Premiered in the 48 Stunden Neukölln Festival June, 2016.
In an increasingly globalized society we are often faced with questions of identity and belonging as we travel and live in differing cultural landscapes. When remaining in our native countries we are often confronted with these same questions as our landscapes shift with the immigration of peoples, bringing with them their culture, language, and religion. As our habitats transform over time, our personal identities adjust as well. Sometimes drawing us closer to our cultural beginnings, sometimes expanding our ideas of self to include the cultures which exist around us. This evolution of our cultural environment, as well as our inner identities, is often a tense, uncomfortable, and chaotic process. Immigrant / Expat explores this phenomenon on a personal level from the point of view of the emigrants, and in turn allows the audience to question the shifting of their own cultural identities and how they relate to those integrating into their respective societies. How do we maintain a sense of self as the environment around us changes? How do our cultural identities transform when assimilating in a new environment? How do we connect with those joining our society? What human components do we share?

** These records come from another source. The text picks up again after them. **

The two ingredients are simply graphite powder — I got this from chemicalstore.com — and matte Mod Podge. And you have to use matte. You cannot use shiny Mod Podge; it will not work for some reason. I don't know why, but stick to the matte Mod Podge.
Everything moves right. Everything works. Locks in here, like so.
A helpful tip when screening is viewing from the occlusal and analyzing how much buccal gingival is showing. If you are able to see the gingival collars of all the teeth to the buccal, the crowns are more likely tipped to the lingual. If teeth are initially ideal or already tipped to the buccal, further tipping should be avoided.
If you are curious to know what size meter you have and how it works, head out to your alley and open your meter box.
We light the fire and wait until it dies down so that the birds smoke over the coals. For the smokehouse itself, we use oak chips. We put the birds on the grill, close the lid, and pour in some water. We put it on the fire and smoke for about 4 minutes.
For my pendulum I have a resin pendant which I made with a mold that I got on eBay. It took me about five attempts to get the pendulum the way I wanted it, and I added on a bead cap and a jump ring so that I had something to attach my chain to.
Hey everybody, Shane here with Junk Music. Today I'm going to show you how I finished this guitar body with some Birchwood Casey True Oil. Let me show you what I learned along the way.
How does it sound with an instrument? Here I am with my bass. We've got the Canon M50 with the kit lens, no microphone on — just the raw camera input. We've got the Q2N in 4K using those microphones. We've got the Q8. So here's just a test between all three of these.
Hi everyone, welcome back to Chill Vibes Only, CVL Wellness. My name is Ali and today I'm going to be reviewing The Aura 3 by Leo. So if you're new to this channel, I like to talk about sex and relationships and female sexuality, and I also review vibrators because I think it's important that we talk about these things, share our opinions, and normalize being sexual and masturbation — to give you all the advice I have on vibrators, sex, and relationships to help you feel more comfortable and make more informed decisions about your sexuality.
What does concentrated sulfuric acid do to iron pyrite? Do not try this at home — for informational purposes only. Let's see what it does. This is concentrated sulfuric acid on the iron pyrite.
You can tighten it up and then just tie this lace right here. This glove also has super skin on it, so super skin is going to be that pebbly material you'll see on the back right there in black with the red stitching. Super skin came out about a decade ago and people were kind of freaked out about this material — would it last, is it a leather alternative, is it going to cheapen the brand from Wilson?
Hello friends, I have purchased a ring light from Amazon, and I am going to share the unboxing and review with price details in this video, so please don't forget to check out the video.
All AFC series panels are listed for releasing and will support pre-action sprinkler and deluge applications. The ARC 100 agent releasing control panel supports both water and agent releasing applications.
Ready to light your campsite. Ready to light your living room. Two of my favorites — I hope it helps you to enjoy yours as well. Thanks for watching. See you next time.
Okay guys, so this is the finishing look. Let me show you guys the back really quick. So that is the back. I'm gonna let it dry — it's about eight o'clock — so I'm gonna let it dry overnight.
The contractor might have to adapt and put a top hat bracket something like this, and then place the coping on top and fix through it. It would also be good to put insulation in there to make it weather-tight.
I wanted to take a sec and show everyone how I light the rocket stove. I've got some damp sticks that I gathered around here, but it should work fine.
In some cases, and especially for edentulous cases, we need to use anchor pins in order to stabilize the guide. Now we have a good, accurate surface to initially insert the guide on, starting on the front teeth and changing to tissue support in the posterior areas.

Immigrant / Expat examines the wordage we use to divide and alienate migrants based on their country of origin. A solo dance work set to two amalgamated interviews, one of an “Immigrant” from Albania, and another of an “Expat” from the UK makes use of two inherently human elements: the body, and the voice. The work begins with sounds of field recorded freight trains as the dancer meticulously folds paper airplanes out maps and aims them at the corner of the space. A pile emerges, and the voices of two men drown out the trains as they tell their stories. Movement vocabularies are built on the words of the speakers which are both visceral and brute but at times become gestural embodying the syntax of their stories. In contrast with dance traditionally set to music, Immigrant / Expat is danced solely to the voices of these differing characters in an almost documentary style movement piece. This portrait of the needs, dreams, and frustrations of an “Immigrant” and an “Expat” as they traverse their new lives in Berlin questions the validity of these differing terms and the fluidity of the immigrator’s cultural identity.